_Problem to work on_
Look for the word "auction" in the entries and copy each line where it appears.
Extracted records below:
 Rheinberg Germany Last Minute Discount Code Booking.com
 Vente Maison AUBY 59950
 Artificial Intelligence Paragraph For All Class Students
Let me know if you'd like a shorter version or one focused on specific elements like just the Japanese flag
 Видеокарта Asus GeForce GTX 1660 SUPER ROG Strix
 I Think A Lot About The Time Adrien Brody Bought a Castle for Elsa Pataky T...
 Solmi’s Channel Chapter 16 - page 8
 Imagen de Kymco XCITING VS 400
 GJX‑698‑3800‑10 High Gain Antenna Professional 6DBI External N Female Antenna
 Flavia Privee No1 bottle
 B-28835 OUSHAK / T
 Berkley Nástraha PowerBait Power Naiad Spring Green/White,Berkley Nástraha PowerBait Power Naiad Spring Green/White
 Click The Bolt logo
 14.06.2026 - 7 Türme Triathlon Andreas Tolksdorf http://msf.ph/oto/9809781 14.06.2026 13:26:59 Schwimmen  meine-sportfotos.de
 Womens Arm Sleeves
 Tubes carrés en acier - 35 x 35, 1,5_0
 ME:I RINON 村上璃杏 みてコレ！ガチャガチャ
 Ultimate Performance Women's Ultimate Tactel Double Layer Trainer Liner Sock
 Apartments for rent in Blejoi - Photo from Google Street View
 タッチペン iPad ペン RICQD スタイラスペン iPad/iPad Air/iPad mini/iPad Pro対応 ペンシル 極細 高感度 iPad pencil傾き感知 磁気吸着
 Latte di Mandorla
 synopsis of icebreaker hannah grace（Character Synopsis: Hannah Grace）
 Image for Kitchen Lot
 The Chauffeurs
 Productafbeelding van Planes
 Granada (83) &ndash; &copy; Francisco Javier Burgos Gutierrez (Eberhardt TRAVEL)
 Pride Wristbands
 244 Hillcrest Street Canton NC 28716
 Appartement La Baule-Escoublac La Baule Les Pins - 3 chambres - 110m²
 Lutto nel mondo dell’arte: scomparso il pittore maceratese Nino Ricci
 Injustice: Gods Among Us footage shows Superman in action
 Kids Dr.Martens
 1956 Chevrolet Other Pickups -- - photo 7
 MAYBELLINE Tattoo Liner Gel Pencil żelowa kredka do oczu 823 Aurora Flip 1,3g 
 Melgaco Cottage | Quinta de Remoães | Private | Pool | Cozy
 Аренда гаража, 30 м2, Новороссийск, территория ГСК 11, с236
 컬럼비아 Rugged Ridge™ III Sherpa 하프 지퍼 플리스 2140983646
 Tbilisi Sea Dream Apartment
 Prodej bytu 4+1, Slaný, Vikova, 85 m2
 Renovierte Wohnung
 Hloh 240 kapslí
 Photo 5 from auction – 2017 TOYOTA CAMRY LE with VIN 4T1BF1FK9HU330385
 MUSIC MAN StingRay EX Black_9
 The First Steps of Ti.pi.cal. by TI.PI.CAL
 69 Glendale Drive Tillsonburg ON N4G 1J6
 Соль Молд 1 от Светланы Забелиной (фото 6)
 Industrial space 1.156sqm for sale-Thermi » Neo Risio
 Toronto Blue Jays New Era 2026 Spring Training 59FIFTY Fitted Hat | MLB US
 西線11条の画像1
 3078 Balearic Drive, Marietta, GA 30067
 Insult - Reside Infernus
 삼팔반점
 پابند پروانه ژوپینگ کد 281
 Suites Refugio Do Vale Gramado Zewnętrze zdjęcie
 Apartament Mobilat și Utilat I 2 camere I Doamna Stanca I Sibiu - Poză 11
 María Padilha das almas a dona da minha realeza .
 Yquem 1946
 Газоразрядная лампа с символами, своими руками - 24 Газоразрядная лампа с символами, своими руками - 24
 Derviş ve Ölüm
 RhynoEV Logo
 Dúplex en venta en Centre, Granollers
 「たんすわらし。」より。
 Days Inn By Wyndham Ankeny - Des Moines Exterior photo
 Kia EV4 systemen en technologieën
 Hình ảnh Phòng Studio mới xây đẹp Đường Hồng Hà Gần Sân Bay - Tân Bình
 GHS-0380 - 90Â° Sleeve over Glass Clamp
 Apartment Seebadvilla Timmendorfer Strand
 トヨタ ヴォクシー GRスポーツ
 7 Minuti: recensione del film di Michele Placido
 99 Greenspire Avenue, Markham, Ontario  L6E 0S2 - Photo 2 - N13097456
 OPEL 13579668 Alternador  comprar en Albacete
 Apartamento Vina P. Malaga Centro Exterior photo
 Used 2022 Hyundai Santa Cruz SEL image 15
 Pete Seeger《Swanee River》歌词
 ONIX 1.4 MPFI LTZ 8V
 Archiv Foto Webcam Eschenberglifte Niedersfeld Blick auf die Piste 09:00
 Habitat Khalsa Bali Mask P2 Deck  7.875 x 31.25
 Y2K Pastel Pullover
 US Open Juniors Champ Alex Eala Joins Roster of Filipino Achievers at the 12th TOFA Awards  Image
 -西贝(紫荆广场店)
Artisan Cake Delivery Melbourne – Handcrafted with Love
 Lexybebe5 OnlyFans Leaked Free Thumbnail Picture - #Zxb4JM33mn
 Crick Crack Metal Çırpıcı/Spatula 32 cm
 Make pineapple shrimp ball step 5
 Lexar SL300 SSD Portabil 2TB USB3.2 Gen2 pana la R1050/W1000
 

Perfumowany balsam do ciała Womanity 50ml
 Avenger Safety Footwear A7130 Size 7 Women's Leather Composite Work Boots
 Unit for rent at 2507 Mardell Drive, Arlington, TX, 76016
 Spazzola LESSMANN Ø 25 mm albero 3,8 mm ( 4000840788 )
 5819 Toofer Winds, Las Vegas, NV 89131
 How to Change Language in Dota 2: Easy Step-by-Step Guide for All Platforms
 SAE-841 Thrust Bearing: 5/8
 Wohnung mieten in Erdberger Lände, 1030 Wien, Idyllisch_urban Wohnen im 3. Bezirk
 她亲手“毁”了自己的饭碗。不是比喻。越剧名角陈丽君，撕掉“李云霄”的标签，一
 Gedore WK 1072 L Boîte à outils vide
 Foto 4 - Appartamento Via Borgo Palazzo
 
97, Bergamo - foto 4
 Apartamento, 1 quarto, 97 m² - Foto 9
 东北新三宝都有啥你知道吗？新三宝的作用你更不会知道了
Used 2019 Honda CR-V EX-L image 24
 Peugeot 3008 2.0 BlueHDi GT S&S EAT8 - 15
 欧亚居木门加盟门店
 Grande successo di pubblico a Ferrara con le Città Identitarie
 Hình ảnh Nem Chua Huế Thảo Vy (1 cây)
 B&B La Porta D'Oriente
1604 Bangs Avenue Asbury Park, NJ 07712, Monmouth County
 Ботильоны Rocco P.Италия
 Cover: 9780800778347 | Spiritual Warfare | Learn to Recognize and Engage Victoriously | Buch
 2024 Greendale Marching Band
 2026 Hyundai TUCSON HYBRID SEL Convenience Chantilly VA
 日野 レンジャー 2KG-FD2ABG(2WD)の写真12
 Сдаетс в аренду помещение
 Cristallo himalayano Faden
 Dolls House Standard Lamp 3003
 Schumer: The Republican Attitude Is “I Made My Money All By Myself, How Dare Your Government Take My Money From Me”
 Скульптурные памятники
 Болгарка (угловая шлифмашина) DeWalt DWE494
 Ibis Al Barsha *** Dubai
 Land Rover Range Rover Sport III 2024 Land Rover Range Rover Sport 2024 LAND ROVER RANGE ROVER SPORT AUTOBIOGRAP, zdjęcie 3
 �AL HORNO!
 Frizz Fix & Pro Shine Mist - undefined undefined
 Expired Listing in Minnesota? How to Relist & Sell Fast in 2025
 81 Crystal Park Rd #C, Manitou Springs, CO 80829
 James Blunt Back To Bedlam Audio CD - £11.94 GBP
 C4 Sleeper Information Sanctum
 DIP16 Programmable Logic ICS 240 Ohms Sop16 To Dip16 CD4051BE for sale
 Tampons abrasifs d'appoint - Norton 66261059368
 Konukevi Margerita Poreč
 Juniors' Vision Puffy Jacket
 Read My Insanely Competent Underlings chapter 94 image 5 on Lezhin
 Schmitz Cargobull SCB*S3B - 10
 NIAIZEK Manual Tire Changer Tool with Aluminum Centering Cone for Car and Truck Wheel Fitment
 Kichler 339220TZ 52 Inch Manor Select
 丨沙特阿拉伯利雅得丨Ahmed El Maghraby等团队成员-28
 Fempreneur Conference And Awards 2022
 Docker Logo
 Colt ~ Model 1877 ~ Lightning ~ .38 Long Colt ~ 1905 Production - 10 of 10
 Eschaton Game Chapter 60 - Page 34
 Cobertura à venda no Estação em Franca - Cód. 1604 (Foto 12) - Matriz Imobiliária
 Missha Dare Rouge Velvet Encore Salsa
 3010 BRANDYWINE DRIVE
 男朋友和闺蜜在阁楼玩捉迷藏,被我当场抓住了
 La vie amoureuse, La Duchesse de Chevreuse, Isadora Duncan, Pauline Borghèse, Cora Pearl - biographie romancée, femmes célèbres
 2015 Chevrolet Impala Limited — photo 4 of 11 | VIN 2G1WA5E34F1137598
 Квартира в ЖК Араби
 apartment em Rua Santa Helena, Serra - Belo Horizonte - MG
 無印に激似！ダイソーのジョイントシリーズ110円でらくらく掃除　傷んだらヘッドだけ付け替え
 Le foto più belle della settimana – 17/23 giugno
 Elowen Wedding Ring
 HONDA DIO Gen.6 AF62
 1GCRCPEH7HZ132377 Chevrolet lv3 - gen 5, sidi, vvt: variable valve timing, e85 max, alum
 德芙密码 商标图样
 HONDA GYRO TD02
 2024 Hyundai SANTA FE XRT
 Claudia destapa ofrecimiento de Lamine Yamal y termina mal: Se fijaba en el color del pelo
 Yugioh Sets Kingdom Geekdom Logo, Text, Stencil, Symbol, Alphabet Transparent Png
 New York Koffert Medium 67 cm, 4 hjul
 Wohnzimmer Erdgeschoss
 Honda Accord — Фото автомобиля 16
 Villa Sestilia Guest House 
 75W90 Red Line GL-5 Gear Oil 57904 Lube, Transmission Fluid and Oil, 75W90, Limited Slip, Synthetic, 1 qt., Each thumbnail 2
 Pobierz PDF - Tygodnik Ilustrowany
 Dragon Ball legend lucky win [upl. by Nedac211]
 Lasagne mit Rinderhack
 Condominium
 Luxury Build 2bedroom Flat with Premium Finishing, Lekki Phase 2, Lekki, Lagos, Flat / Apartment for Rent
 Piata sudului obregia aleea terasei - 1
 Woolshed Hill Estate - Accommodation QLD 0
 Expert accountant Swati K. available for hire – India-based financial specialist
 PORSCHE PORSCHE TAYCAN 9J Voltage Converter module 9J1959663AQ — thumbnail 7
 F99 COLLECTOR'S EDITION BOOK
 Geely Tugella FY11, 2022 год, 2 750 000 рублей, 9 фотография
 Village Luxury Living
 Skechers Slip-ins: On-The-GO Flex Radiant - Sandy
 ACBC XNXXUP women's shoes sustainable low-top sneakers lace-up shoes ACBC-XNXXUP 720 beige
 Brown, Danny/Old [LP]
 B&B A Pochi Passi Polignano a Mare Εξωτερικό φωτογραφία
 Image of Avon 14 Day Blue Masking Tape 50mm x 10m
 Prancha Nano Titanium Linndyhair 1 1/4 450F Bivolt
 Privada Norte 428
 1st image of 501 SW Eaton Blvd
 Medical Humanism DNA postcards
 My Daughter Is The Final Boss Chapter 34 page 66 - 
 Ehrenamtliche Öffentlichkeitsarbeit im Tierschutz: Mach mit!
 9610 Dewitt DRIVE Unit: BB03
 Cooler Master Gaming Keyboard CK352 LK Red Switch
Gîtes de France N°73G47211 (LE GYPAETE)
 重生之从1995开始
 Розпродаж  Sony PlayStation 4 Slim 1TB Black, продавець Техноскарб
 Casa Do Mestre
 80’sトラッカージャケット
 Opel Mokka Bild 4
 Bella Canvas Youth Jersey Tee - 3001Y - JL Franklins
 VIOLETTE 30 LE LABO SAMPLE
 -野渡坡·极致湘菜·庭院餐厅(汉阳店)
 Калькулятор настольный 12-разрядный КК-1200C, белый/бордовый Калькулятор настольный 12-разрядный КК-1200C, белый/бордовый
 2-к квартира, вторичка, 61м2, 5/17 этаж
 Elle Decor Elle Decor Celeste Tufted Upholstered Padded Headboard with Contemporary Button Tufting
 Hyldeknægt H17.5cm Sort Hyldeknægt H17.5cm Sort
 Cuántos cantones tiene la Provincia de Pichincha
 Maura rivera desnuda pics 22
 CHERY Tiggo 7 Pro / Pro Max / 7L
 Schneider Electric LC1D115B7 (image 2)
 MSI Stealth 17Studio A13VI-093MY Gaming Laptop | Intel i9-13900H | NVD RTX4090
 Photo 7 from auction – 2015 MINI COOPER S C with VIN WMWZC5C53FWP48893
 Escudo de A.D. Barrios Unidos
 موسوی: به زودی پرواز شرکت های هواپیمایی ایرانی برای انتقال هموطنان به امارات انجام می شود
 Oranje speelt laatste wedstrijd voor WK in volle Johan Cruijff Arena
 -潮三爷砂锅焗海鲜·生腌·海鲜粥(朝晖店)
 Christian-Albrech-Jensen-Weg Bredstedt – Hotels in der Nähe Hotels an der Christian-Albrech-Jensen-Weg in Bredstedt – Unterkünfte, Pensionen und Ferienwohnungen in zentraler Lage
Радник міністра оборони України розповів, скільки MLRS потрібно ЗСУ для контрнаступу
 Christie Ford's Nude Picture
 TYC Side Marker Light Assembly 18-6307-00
End of Extracted records.
_Response_
 Photo 5 from auction – 2017 TOYOTA CAMRY LE with VIN 4T1BF1FK9HU330385
 Photo 7 from auction – 2015 MINI COOPER S C with VIN WMWZC5C53FWP48893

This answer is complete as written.